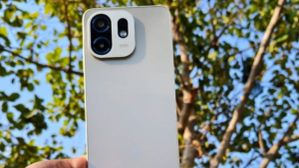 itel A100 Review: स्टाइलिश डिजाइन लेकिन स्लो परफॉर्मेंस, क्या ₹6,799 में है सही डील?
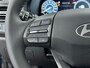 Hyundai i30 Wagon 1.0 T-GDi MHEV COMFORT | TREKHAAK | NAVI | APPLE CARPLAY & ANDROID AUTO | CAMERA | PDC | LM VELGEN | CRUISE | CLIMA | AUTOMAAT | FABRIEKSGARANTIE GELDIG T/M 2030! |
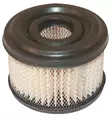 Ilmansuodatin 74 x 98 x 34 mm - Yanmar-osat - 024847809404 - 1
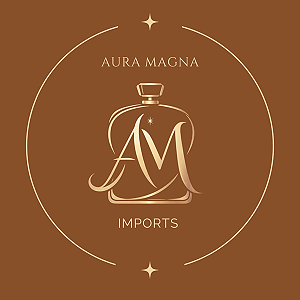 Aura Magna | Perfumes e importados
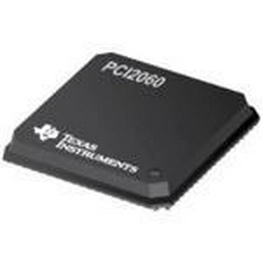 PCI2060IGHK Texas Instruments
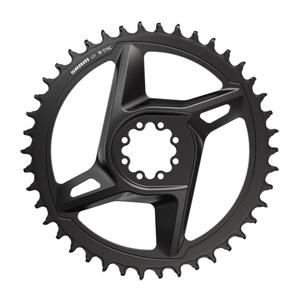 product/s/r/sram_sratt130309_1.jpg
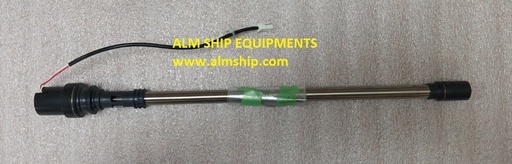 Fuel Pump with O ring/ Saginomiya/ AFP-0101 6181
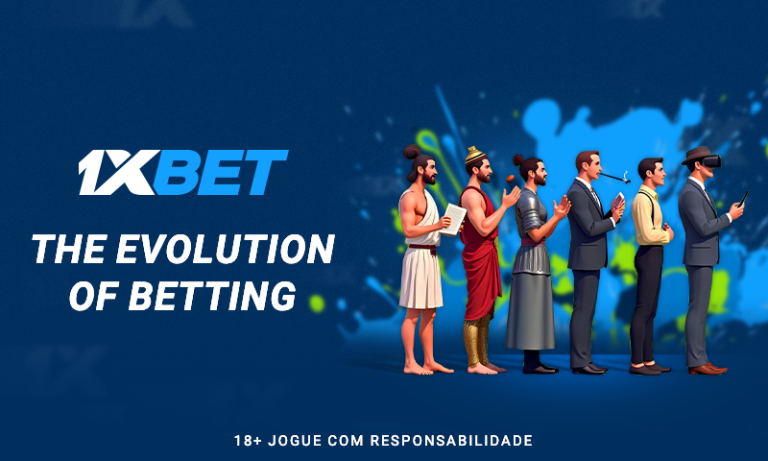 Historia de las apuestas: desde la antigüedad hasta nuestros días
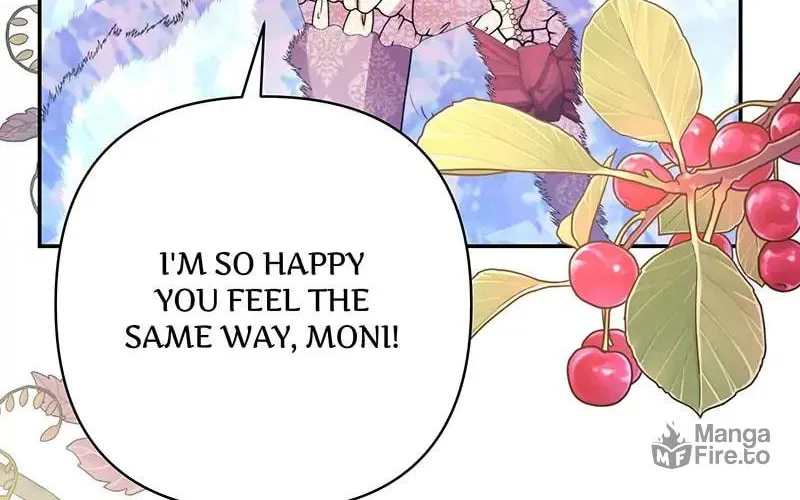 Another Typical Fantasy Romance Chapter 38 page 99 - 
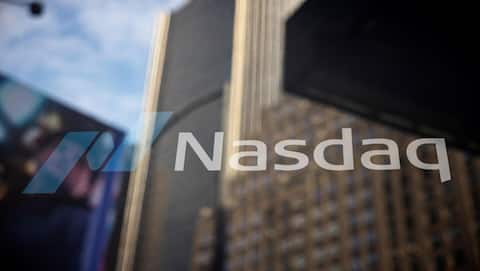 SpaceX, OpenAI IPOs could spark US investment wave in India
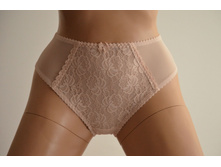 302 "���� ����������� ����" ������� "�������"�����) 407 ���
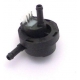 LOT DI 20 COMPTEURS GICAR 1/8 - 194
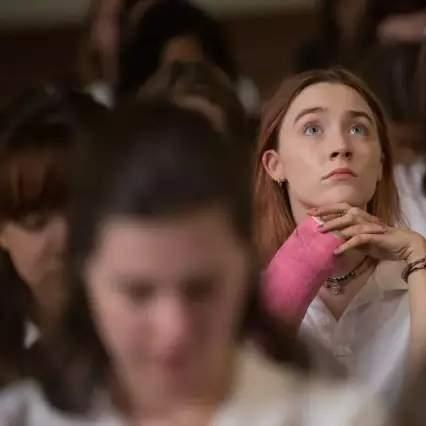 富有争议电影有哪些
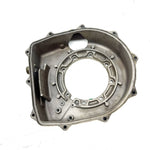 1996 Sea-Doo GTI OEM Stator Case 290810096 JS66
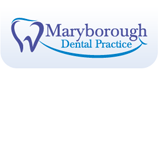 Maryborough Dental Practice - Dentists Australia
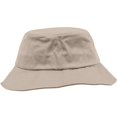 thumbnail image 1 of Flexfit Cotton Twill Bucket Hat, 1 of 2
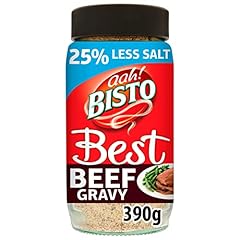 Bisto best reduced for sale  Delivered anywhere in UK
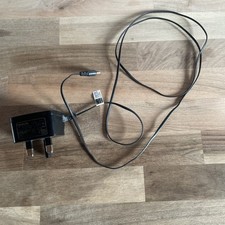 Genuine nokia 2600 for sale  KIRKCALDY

□ □ □ □ □

What you have to do:
Print exactly, and only, the lines from the line containing "Fuel Pump with" to the last line of the material above, with every picture left out.

Answer section:
 Fuel Pump with O ring/ Saginomiya/ AFP-0101 6181
 Historia de las apuestas: desde la antigüedad hasta nuestros días
 Another Typical Fantasy Romance Chapter 38 page 99 - 
 SpaceX, OpenAI IPOs could spark US investment wave in India
 302 "���� ����������� ����" ������� "�������"�����) 407 ���
 LOT DI 20 COMPTEURS GICAR 1/8 - 194
 富有争议电影有哪些
 1996 Sea-Doo GTI OEM Stator Case 290810096 JS66
 Maryborough Dental Practice - Dentists Australia
 thumbnail image 1 of Flexfit Cotton Twill Bucket Hat, 1 of 2
 Bisto best reduced for sale  Delivered anywhere in UK
 Genuine nokia 2600 for sale  KIRKCALDY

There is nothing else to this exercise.